01 Juillet 2018 À 12:27

Éco-Conseil : On parle de plus en plus des jeux psychologiques en entreprise. De quoi s'agit-il au juste ?
Sanae Hanine :
Sûrement, vous avez croisé dans votre carrière professionnelle, le collègue du travail qui se plaint du manque de ressources, de l’incompétence de sa secrétaire, des fournisseurs toujours en retard, de l’équipe qui ne fait pas assez, du client trop exigeant… Bref, il se plaint de la pluie et du beau temps. Ce type de personnage est une «victime». Une victime parc qu’on ne tire pas sur une ambulance. Et comme la victime a toujours besoin d’un sauveur, il existe sûrement une personne qui va jouer ce rôle. Son chef de projet va venir à la rescousse. Il va proposer de l’aide avec «abnégation» pour la sauver des griffes du persécuteur qui peut être un supérieur hiérarchique ou un client ou encore une autre personne. Ce que je viens de présenter là, c’est exactement les trois jeux psychologiques les plus fréquents en entreprise et qui sont le pivot du triangle dramatique de Karpman : «Persécuteur-Victime-Sauveur». Il est qualifié de dramatique parce qu’il fait référence au drame théâtral. En créant ce concept, Karpman s’est inspiré des jeux dramatiques du théâtre. On a d’ailleurs constaté que pour qu’un «drame» se déroule, il faut trois rôles : le «Persécuteur», le «Sauveur» et la «Victime». Ce sont des rôles psychologiques inconscients et symboliques de manipulation (sauf en cas de manipulateurs pathologiques) qui se jouent dans la vie de tous les jours et qui sont transférés naturellement en milieu professionnel.

Quelles sont les principales caractéristiques des jeux psychologiques en entreprise 
Les «jeux psychologiques» sont des répétitions de transactions cachées, mises en place de manière inconsciente et involontaire par les individus. Ces jeux sont mis en place lorsque les individus ne parviennent pas à installer un autre mode de relation avec les autres, pour bénéficier d’un avantage d’une manière détournée (restauration d’un ego égratigné par exemple, diaboliser l’autre, etc.) et qui débouche sur un sentiment de malaise et d’inefficacité des deux côtés.
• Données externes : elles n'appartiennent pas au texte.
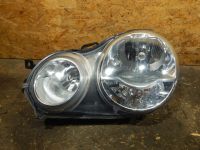 Hauptscheinwerfer links Halogen<br>VW POLO IV (9A, 9N) 1.2 12V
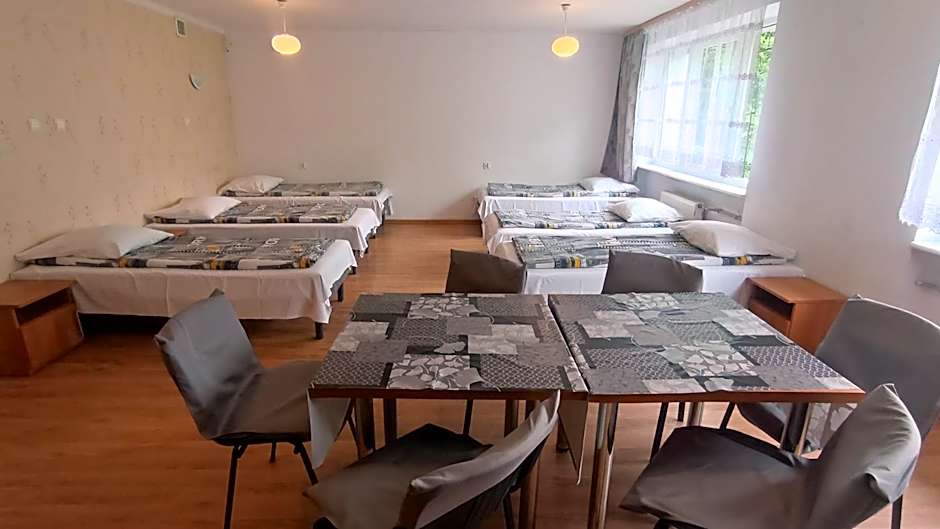 Twój Hostel Ruda Śląska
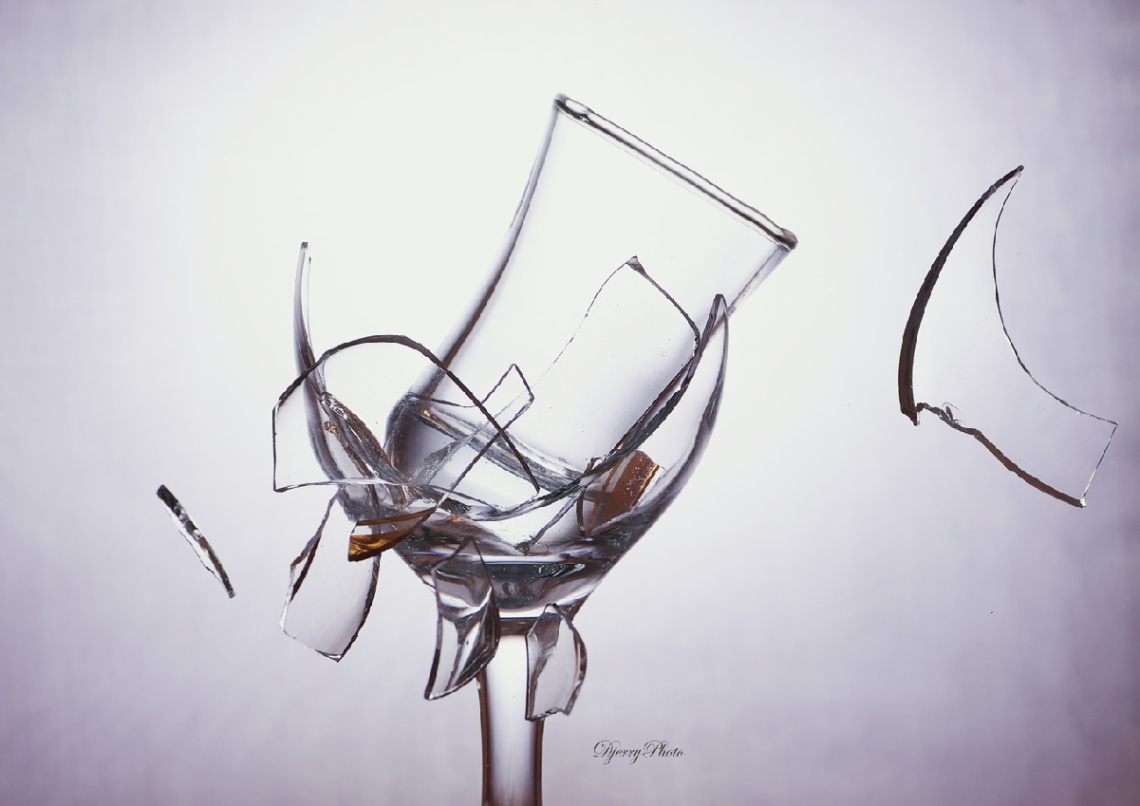 Broken Glass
Néanmoins, il faut se méfier de la finalité de ces jeux psychologiques : les bénéfices ne sont pas toujours agréables ou avantageux pour les personnes qui les adoptent. Ils peuvent avoir plusieurs objectifs : revivre un schéma relationnel expérimenté dans l’enfance, obtenir un type de signes de reconnaissance que l’on n’aurait pas eu autrement, valider ses croyances sur soi ou sur les autres… On peut noter deux choses à propos de ces jeux. Premièrement : la répétitivité et la ritualisation des jeux pouvant tourner à la compulsion et devenir de ce fait un trait de caractère de la personne. Deuxièmement : l’alternance des rôles. Malgré l’adoption d’un jeu psychologique dominant, les individus peuvent passer d’un rôle psychologique à un autre pour obtenir les gratifications souhaitées qui sont toujours les suivants : la victime cherche à attirer l’attention des autres, le persécuteur a le rôle de donner le pouvoir et le sauveur véhicule l’image positive d’altruisme.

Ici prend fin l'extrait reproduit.